There are so many different distinctions between Scotch, Bourbon or Rye and unless you’re a seasoned whiskey taster, it’ll be hard to necessarily know the difference unless of course you’re only interested in cheap drinks…so what is whiskey? Technically, whiskey is a distilled alcoholic beverage made from fermented grain mash. We offer many different brands of whiskey from America, Scotland, Ireland and Japan and with that there’s so many different types of whiskeys each with its own unique blend.
What makes a Whiskey a Bourbon?
To make it a bourbon you need at least 51% of the fermenting mixture to be corn, rye, wheat, malted barley or malted rye grain; it must be stored in a charred oak container and not contain any additives. Here are some of the Bourbons we offer: Angels Envy, Bulleit, Woodford Reserve, Jack Daniels.
What makes a Whiskey a Scotch?
To make it a Scotch, it has to be distilled and matured in Scotland. Usually Scotch is made from malted barley. Some of the Scotchs we offer are: Glenmorangie, Oban 14yr, Balenvie Carribean, Glenfiddich 12yr-18yr, Macallan 12 yr. Lagavulin 16yr and many more.
What makes a Whiskey Irish?
Irish Whiskey goes through three rounds of distillation before it is bottled. Irish Whiskey uses a lot of barley and has to be aged in wooden casks for three years to be considered Irish Whiskey.
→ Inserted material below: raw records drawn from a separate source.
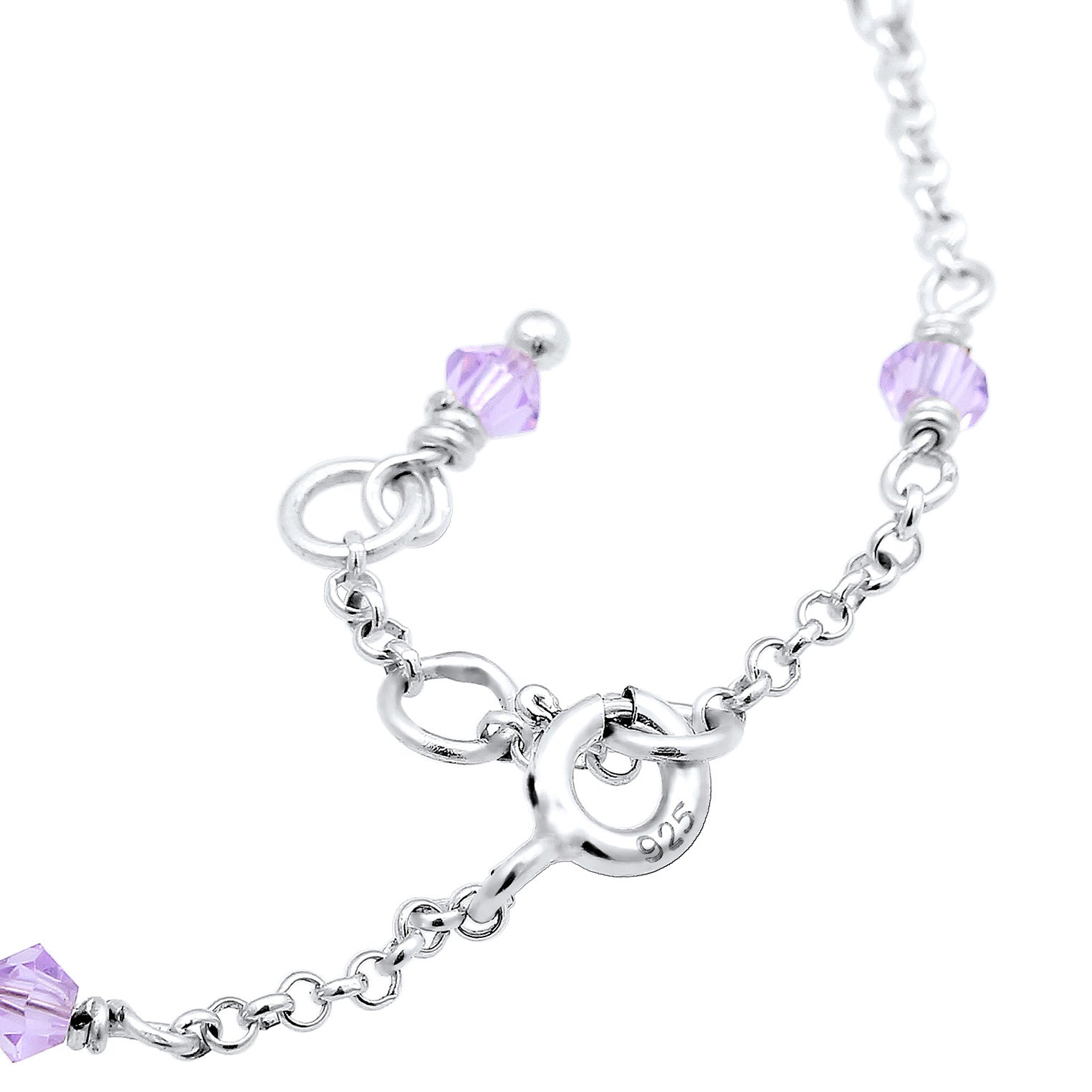 Silber - Elli | Armband Kugel | Kristall ( Violett hell ) | 925er Sterling Silber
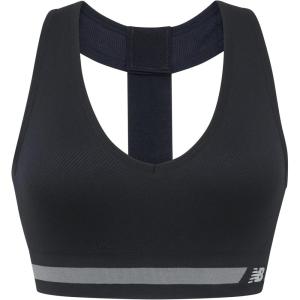 imageNew Balance Seamless Wirefree VNeck TBack Racer Sports Bra with Allover TextureBlack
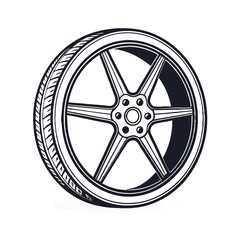 Obraz premium Sleek Five Spoke Car Wheel Illustrated Design for Automotive Enthusiasts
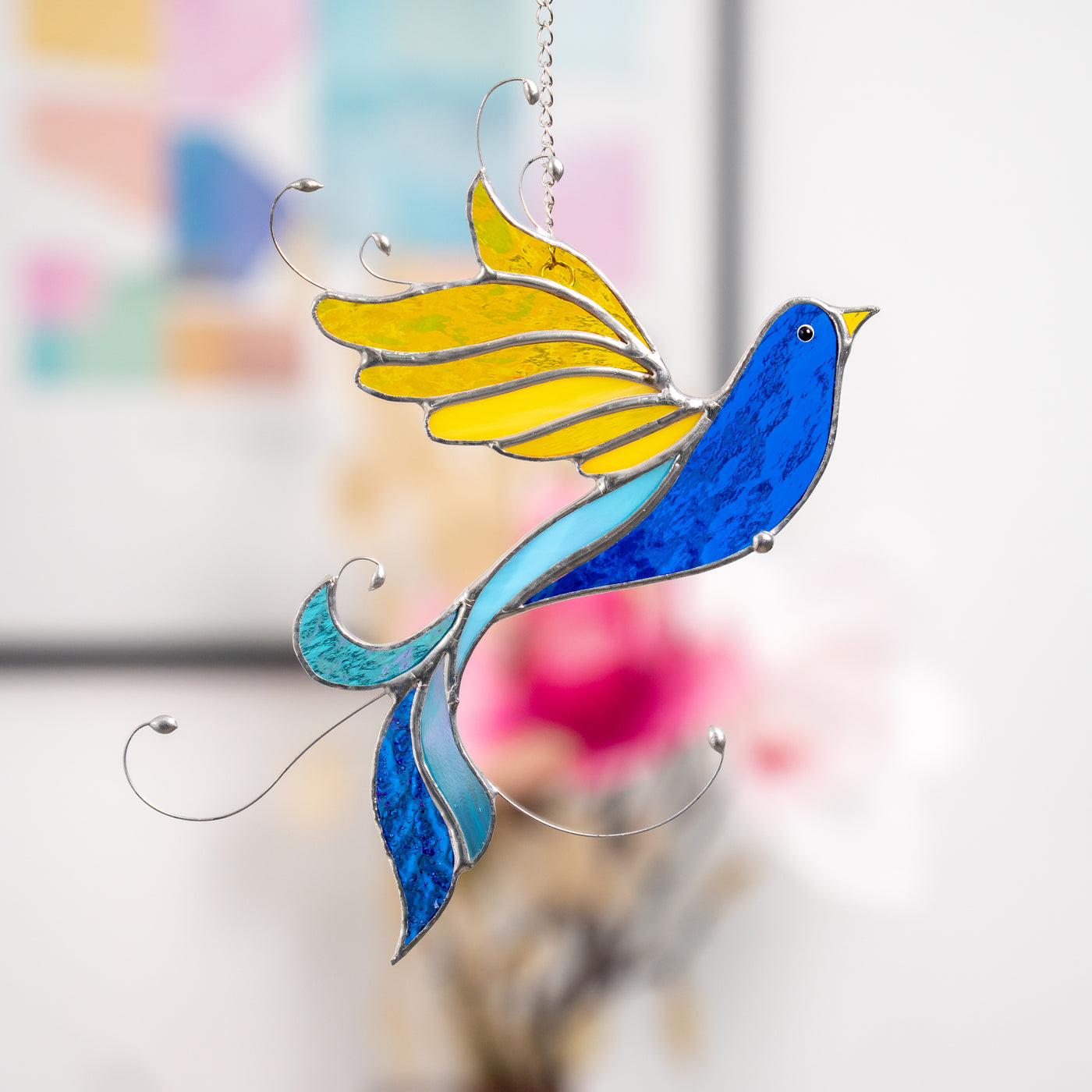 Stained glass tender Ukrainian bird suncatcher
Some of the Irish Whiskey that we offer are: Bushmills, Jameson, Tullamore Dew and Midleton.
What makes a Whiskey Japanese?
Japanese Whiskey is a lot like Scotch, because one of the founders came from Scotland, Suntory’s first master distiller Masataka Taketsuru studied in Scotland prior to bringing the taste and flavor back to Japan. We offer Suntory and Nikka Japanese Whiskeys.